Sayed Mohammad Marandi was seen alongside senior Iranian regime officials including chief negotiator Mohammad Bagher Ghalibaf and Foreign Minister Abbas Araghchi during the talks last month.
Marandi appeared on multiple BBC programmes between 2017 and 2024, and on other UK broadcasters’ news shows.
He has used his platform to promote Hezbollah, a proscribed terrorist group – which he described as “heroes” in a Channel 4 interview – and made extreme statements about Israel, which he has accused of carrying out a “Holocaust” in BBC and Sky interviews.
Now the shadow culture secretary is calling for greater scrutiny of pundits on British television.
Tory MP Nigel Huddleston described his repeated appearances as “deeply concerning” and said broadcasters must improve due diligence over contributors’ positions.
“Public service broadcasters have a responsibility to deliver impartial news. The BBC is guilty of breaking its own rules if they present people as objective commentators when they may, in fact, have an agenda and bias, as appears in this alarming case.
“We expect and require our national broadcaster to have rigorous due diligence processes regarding who they put on air and to be transparent when someone has a clear agenda,” he said.
During one interview on BBC HARDtalk, presenter Stephen Sackur described the pro-regime figure as “an experienced Iranian academic and sometime adviser to his government during international nuclear negotiations”, as well as “a consistently loyal defender of the government in Iran”.
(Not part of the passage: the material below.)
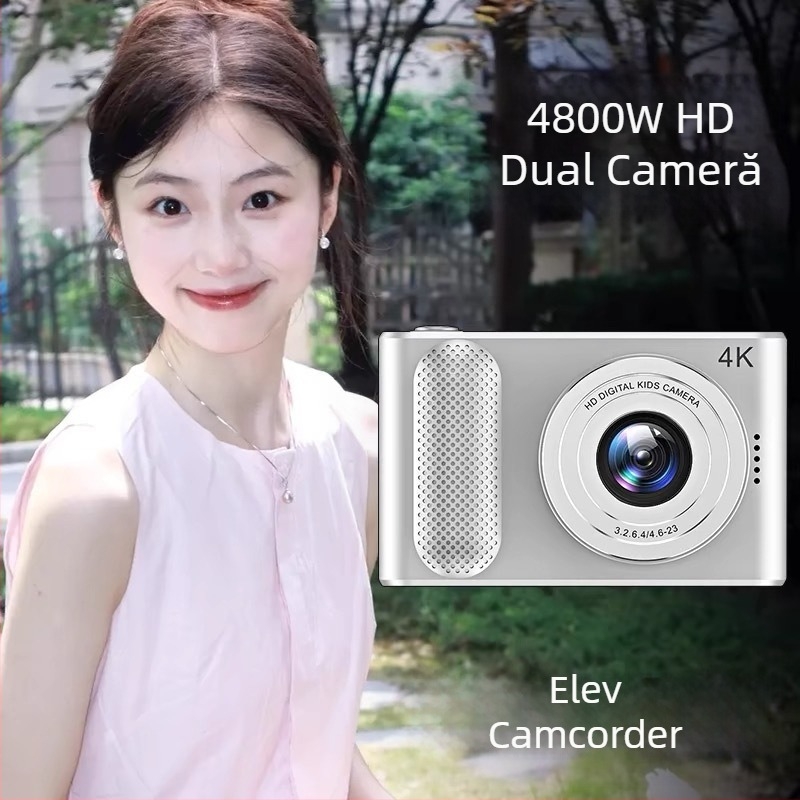 Aparat foto digital pentru copii cu senzor CMOS, 8 MP, zoom optic 8x, suport RAW, stabilizare optică a imaginii.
But in a separate 2024 appearance on Today with Mishal Husain, Marandi was introduced primarily as a professor of English literature and Orientalism at the University of Tehran.
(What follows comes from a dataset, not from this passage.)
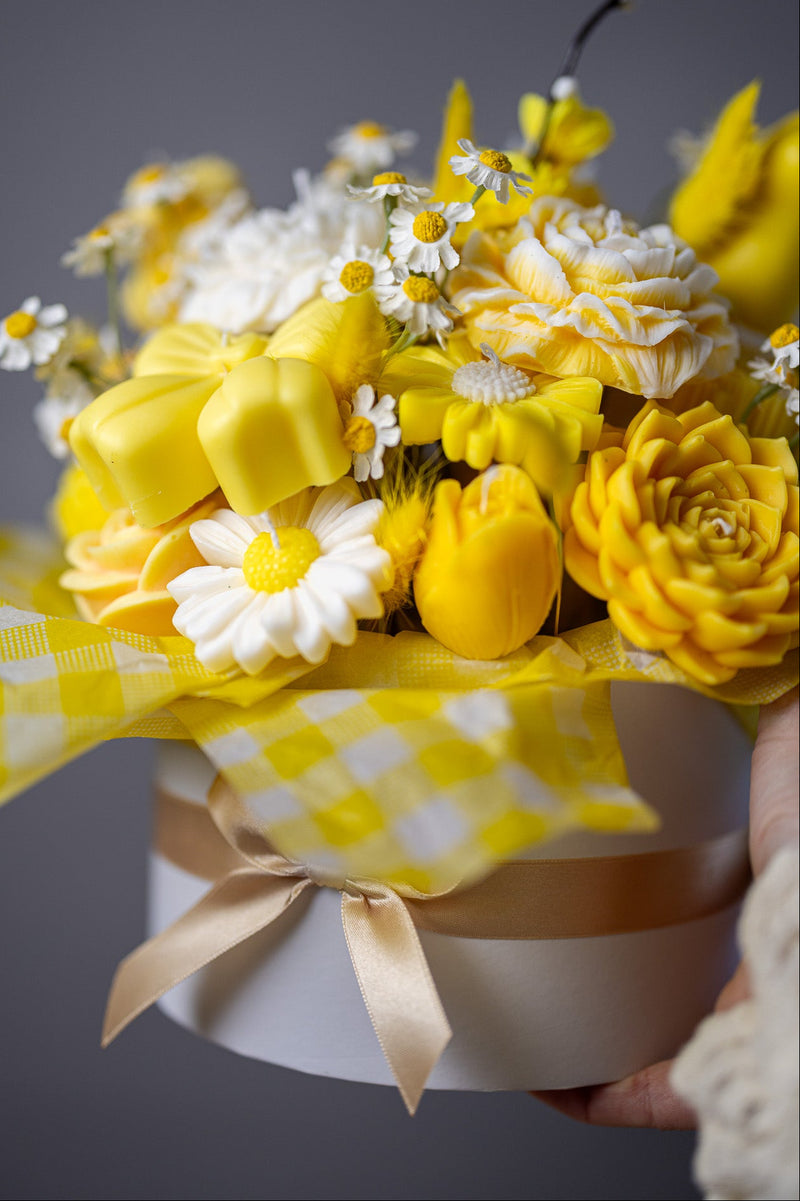 Handcrafted Floral Candle Bouquet - Scented Rose & Peony Wax Flower Gift - Yellow Easter Home Decor - MY Sunshine Candless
During the interview, he repeatedly referred to Israel as a “genocidal regime” while accusing Britain and Western governments of “justifying crimes” committed by Israel.
He went on to refer to “chosen people,” stating live on air: “We are all Amalek in this part of the world. We are inferior. They are the chosen people, they are your allies… the only solution, the only way forward is resistance.
“There is nothing that will stop this Israeli regime, that is the nature of the regime, it’s an expansionist regime that believes in ethno-supremacism, believes that they are the chosen people, they have exceptional rights, and therefore have exceptional rights in the region. It’s not just Palestine today, it goes beyond the borders of Palestine.”
After the broadcast, the BBC defended its decision to host Marandi but acknowledged: “We should have continued to challenge his language throughout the interview.”
More recently, the pundit appeared on Channel 4 News in an interview with Krishnan Guru-Murthy in March.
Born in Richmond, Virginia, Marandi is the son of Dr Alireza Marandi, who was a senior adviser to late supreme leader Ali Khamenei. In interviews with Iranian state television, he has spoken about his family’s ties to the Iranian leadership, including Khamenei’s son and the third supreme leader, Mojtaba. The JC previously revealed that Marandi served with the Islamic Revolutionary Guard Corps during the Iran-Iraq war.
In a 2019 social media post, he shared a photograph of himself in uniform and wrote: “This photo was proudly taken… when I was a 16-year-old volunteer fighting the US-backed invasion of Iran.”
Marandi has become one of the Islamic Republic’s most prominent English-language defenders, regularly appearing in Western media while defending Tehran’s regional policies and attacking Western governments.
During the Woman, Life, Freedom protests following the death of Mahsa Amini, he dismissed demonstrations as “riots” and alleged organisations linked to Nato had trained protesters to incite violence.
The BBC and Marandi have been approached for comment.